Compared to genetic research, no genome-wide analysis of epigenetic modifications in CFs has been reported to provide a comprehensive and systematic understanding of the biological significance and catalytic activity regulation mechanisms of each epigenetic regulator. Nevertheless, with the development of gene sequencing technologies in recent years, the integration of single-cell RNA sequencing, single-cell epigenomics, high-resolution ChIP-seq, and HITS-CLIP (high-throughput sequencing with cross-linked immunoprecipitation) may provide a new approach to reveal the precise regulatory mechanisms, while the use of CRISPR-Cas9 gene-editing technology may also provide a more comprehensive resolution of epigenetic regulation. Meanwhile, several epigenetic modulator inhibitors, such as HDACIs, have been demonstrated to prevent and alleviate cardiac fibrosis. However, most inhibitors are not specific and may impair other key cellular functions during administration. Hence, more elaborate and comprehensive studies of epigenetic mechanisms are necessary to target more precise targets, thereby reducing the occurrence of adverse outcomes due to unnecessary inhibition or activation by drugs. In this process, it is also necessary to investigate whether and how epigenetic regulators exert cell-specific activities, which of course relies on further studies on the activation of CFs in cardiac fibrosis.
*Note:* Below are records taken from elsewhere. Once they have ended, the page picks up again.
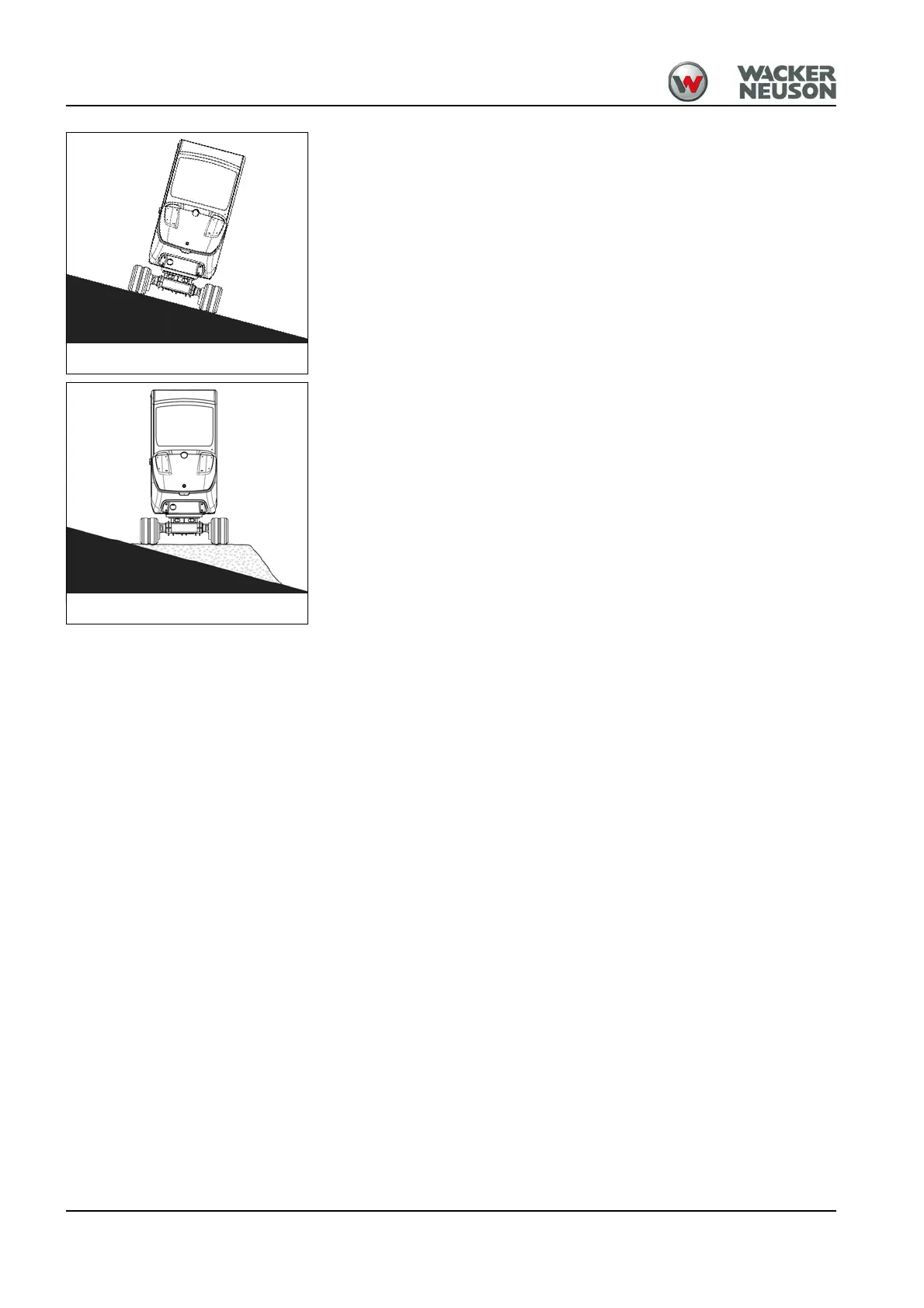 Page #100 background image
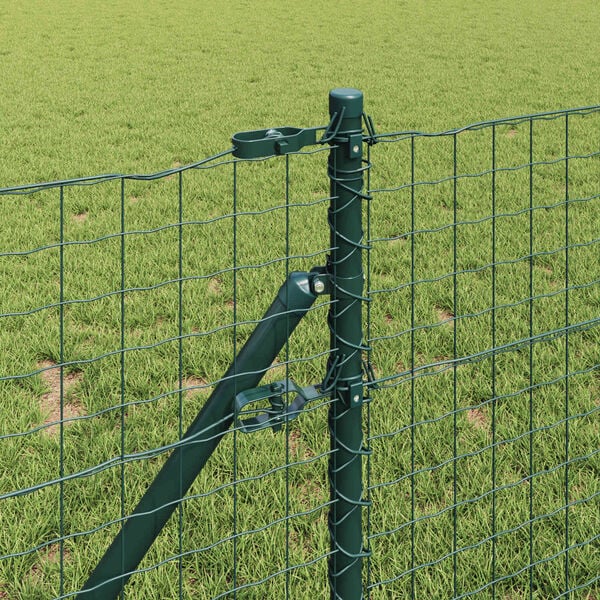 Viser 3 av 6 produktbilde(r)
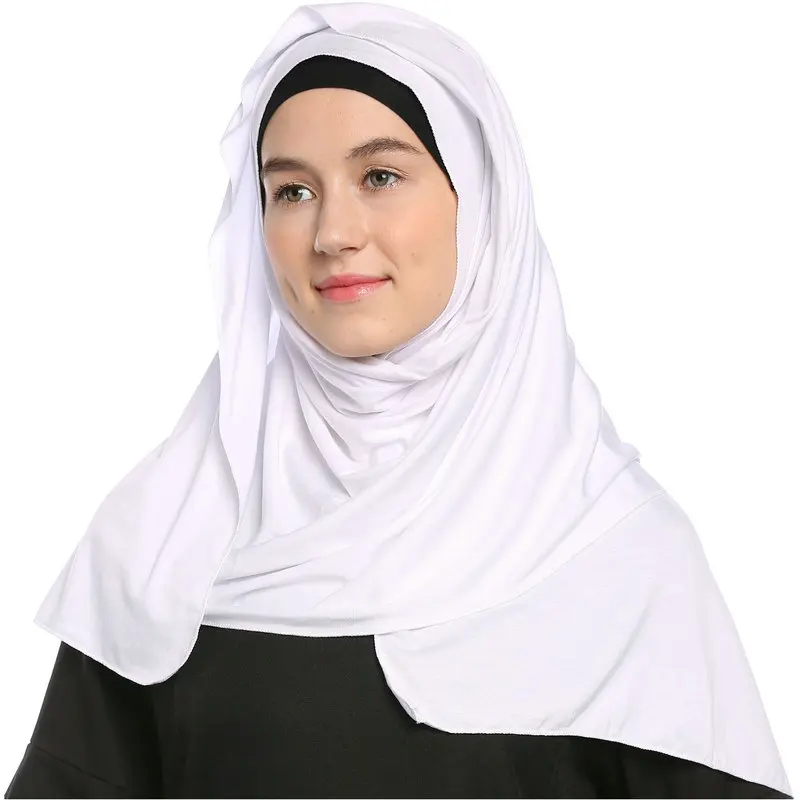 CH013K-white-7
Growing evidences suggest that CFs activation is actually more complex than previously thought during cardiac fibrosis, and epigenetic modifications are very important for CFs activation and cardiac fibrosis. While many mechanisms need to be explored and conflicting evidence exists, future breakthroughs in the epigenetic field may provide avenues for the diagnosis and treatment of cardiac fibrosis. For example, chimeric antigen receptor T cell (CAR-T) therapy targeting FAP alleviates the degree of cardiac fibrosis and abnormal increased ventricular mass in model mice as well as improved cardiac systolic function, although the safety of this therapy needs to be further validated [157]. To better apply CAR-T to the treatment of cardiac fibrosis, researchers have also developed a way to generate transient CAR-T cells in vivo with mRNA molecules, which allows T cells to gain the ability to specifically target CFs for a short period to be fully effective and avoid affecting other cells [158]. Meanwhile, various means can reprogram CFs into cardiomyocytes, and epigenetics plays a key role in this process [159,160]; these advances will provide an alternative approach for clinical trials and treatments for patients with cardiac fibrosis in the future.